Should You Raid a Retirement Account to Buy a Home?
Is the home worth your retirement savings? This is the question that the reader has been puzzling over this week.
Every Monday, we address one of your pressing personal finance questions by seeking advice from several financial experts. If you have a general question or money issue, or just want to talk about something PeFi-related, leave it in the comments or email me at [email protected].

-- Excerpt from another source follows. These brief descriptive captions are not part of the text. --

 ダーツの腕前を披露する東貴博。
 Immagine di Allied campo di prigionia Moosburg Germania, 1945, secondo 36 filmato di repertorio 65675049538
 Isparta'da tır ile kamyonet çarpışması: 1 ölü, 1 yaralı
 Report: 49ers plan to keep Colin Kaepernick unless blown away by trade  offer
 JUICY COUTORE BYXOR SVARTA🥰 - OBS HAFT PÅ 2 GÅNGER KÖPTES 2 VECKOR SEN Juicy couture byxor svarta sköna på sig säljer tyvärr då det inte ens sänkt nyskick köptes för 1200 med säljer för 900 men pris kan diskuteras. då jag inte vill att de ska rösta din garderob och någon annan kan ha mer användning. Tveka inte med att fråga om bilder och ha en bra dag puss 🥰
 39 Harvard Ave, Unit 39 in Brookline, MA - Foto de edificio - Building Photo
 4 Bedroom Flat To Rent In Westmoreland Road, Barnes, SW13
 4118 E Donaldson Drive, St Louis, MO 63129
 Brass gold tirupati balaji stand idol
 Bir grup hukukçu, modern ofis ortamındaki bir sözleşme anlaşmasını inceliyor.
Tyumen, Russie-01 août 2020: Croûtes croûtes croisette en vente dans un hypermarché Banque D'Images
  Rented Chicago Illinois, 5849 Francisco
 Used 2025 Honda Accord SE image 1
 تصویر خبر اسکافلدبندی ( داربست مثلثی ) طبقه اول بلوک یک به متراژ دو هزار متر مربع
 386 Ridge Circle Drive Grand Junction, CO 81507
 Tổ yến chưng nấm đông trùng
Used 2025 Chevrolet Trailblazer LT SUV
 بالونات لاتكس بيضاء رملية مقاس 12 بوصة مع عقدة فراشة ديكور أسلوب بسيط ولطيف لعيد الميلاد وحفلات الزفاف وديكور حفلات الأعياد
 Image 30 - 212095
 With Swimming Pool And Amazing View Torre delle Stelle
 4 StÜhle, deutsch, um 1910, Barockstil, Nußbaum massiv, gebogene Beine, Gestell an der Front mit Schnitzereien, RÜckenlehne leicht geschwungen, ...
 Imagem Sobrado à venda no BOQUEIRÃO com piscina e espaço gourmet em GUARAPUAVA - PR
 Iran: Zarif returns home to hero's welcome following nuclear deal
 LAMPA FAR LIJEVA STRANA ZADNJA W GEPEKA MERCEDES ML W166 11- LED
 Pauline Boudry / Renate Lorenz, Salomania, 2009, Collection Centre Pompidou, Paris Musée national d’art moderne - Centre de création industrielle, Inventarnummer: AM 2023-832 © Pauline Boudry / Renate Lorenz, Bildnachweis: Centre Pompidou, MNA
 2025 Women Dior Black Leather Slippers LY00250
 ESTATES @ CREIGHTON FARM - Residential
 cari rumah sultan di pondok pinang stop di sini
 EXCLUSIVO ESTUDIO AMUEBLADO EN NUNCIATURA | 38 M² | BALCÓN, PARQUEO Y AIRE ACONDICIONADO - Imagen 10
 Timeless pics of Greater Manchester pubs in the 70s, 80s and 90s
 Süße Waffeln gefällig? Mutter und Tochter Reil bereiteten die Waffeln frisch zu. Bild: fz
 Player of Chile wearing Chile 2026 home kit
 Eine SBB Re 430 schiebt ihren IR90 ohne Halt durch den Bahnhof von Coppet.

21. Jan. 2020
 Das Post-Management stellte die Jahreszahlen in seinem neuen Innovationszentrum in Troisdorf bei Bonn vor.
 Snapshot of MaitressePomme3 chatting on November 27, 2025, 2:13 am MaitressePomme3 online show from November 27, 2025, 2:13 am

This week’s question comes from Jack:
Is it wise to give up your retirement savings in order to buy a home? This includes a 401 (k), Roth IRA and pension. Are there any withdrawal penalties? Are there any withdrawal restrictions? Is this a better option than borrowing from a bank? This is my first time buying a house.
This is what individual experts usually say about a problem that affects each person differently: if you need personalized advice, you should see a financial planner.
Beware of fees and fines
This is a fairly common personal finance question, Jack, and like everything else, it really depends on your personal situation. However, as a rule of thumb, robbing your retirement accounts should be the most last resort.
According to Michael Ciccone, a certified financial planner based in New Jersey, the key distinction to be made regarding your question is whether you are referring to a withdrawal or a loan. You can withdraw money, but this will most likely incur a 10 percent penalty and you will be subject to income tax on the amount withdrawn (assuming it is from a pre-tax retirement account such as your 401 (k)) … It will also obviously hurt your retirement savings.
There is a first-time homebuyer exemption that allows you to rent $ 10,000 without the IRA penalty on your primary residence (however, you will pay income tax). If you have a spouse, you can both do this. And if you have your Roth for five years, you can withdraw contributions without taxes and penalties (just not on earnings).
Alternatively, you could take a loan from your 401 (k) that you have to pay back over the next five years (although home buyers can provide an extension ) with interest. If you do, you can borrow less than $ 50,000, or 50 percent of your legal account balance. Check with your HR representative to see if your plan allows it. (And note that if you quit your current employer, you may have to pay it all out at once, or it will turn into a waiver, which entails taxes and fines.)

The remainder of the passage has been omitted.